How remote was this island? What kind of crazy artists were these people?

She winces, looking away from my face upon seeing my expression. "Well, it certainly affected my judgment," she admits quietly. "Don't ever think that's the kind of thing I'd do regularly -- but I won't really say anything in defense of it, either. Not at this point. At any rate, the poet who had coordinated the circle challenged anyone to match him ... it was almost a renga, actually.

"He met every verse with an answer in the same style. The theme was fire, so he said, 'burn my words, and watch art spring anew from the ashes.'" She sighs again, giving a terse shake of her head. "He seemed familiar, somehow, like someone I knew from ... a long, long time ago. You have no idea how much I wish I had a recording of those poems, now...." She's silent, wistfully remembering that time.

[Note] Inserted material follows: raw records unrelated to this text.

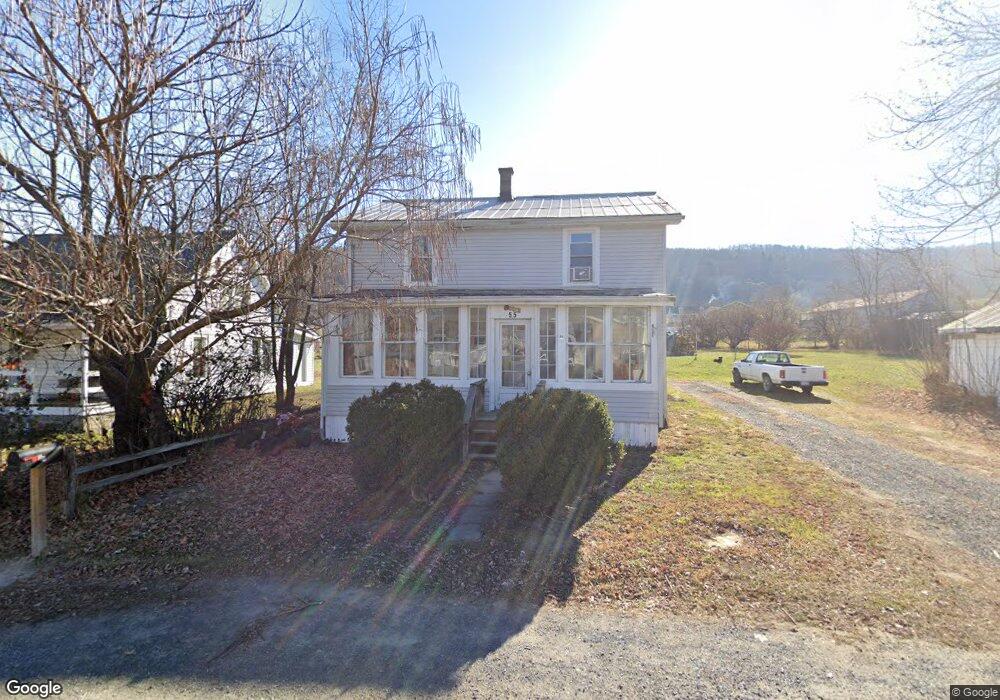 55 Laurel Rd, Wardensville, WV 26851 - photo 1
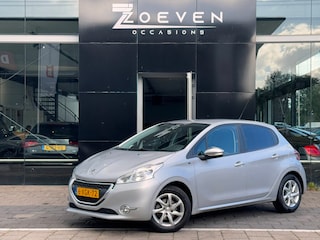 Peugeot 208 1.2 VTi Style
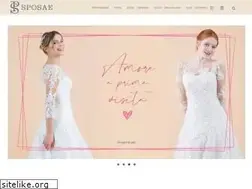 Sites similar to sposae.com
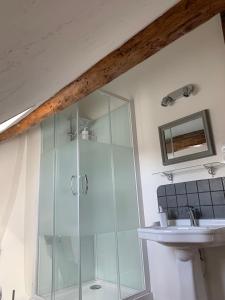 La Glatine - Chambres dhôtes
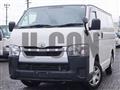 2023 Toyota Hiace Van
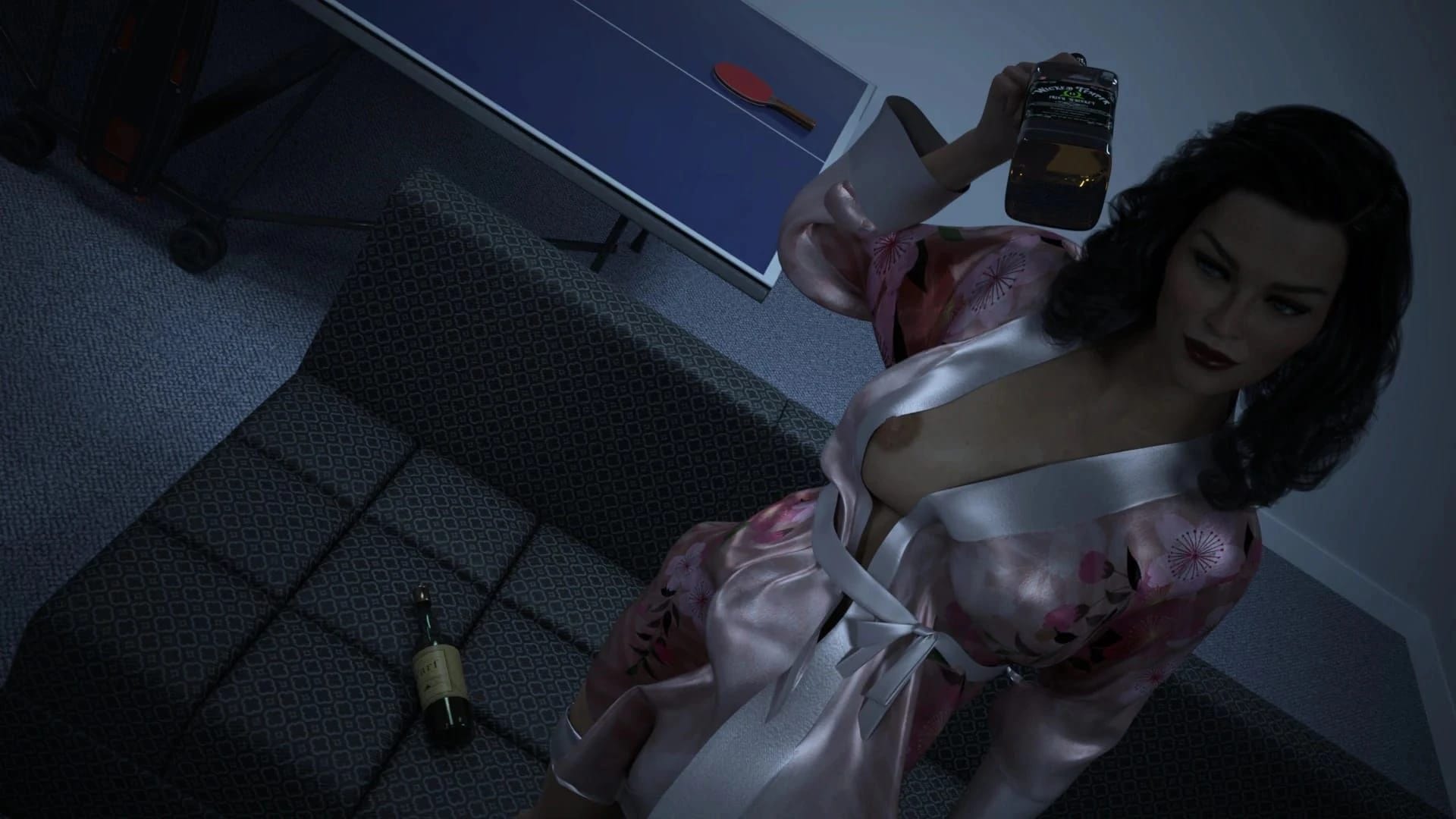 Irreverent Heresy Reborn screenshot 3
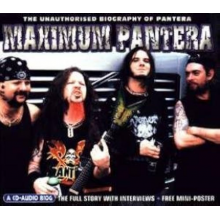Pantera - Maximum Pantera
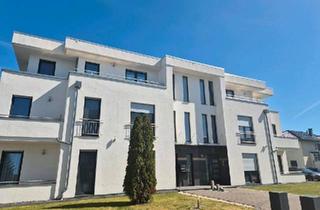 Wohnung kaufen in 52349 Düren, Düren - Moderne 3-Zimmer Eigentumswohnung mit großzügiger Dachterrasse
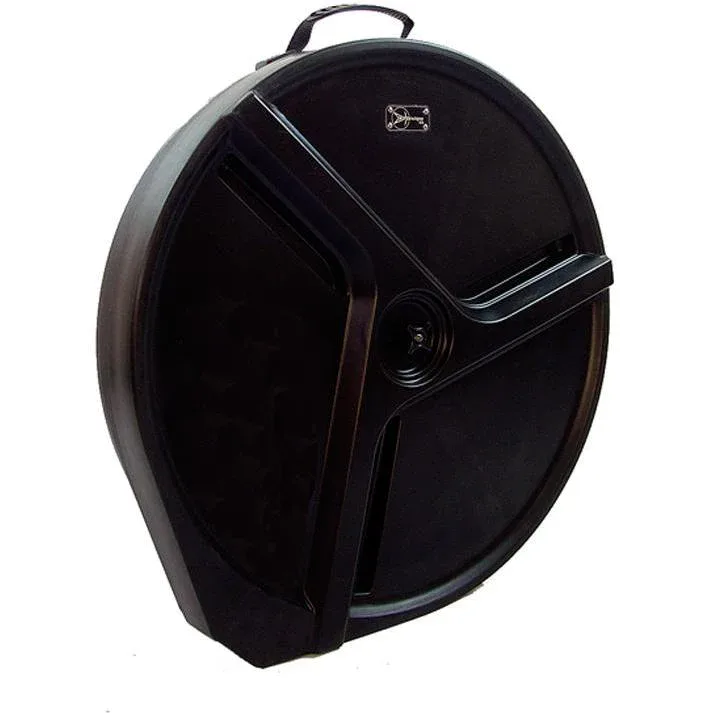 ProRockGear Roto Mold 22″ Cymbal Case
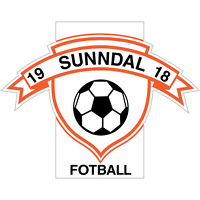 Sunndal IL logo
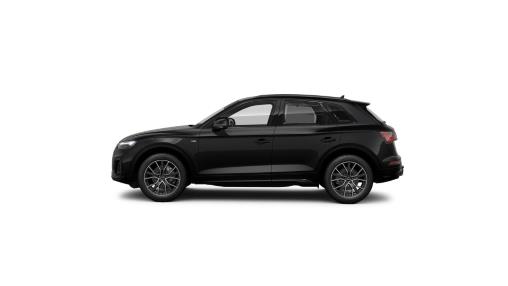 2026 Audi Q5 40TDI Quattro Black Edition for sale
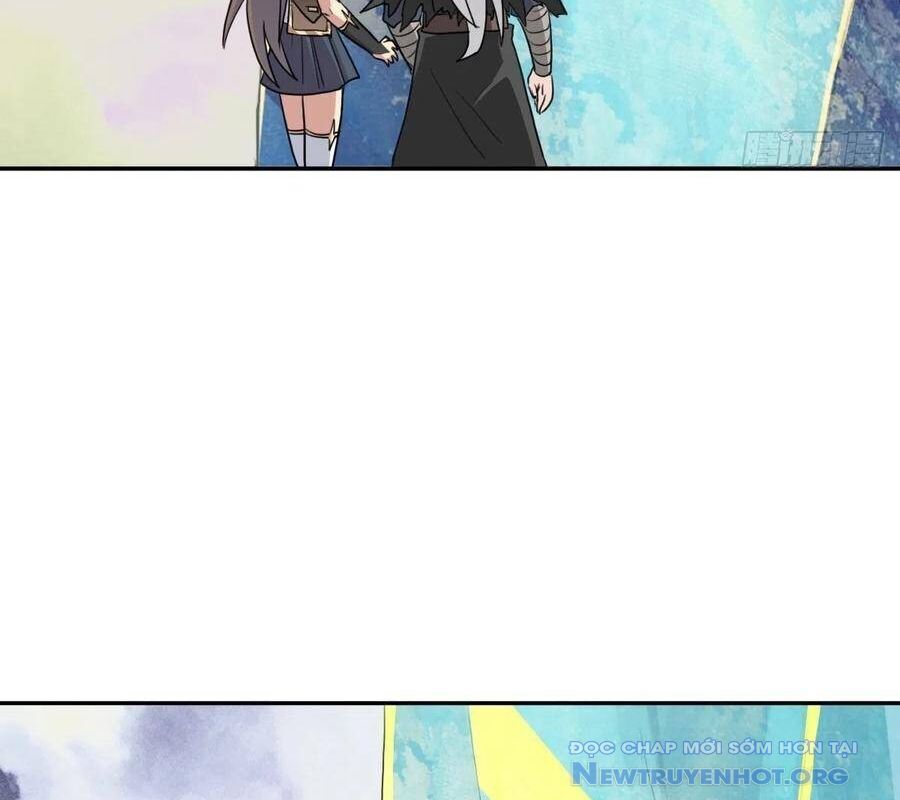 Cứu thế giới đi, ông chú! - Chapter 165 - Page 35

"Anyway," she says abruptly, returning to the present, "people came and went, but the inner circle got smaller as people slowly admitted defeat, and in the end, it was ... well, just him and I.

"I can't ... especially defend what happened after that," she says uncomfortably, looking away from both Nagato and I. "And keep in mind that this was after three bowls of kava, at least. S...so, after that, and because I still wanted to make a mark on the world, wh...what happened is, um...."

She heaves a brief sigh, then turns to regard me directly, giving a scared and simultaneously hopeful smile.

"W...well," she says, "I'm pregnant."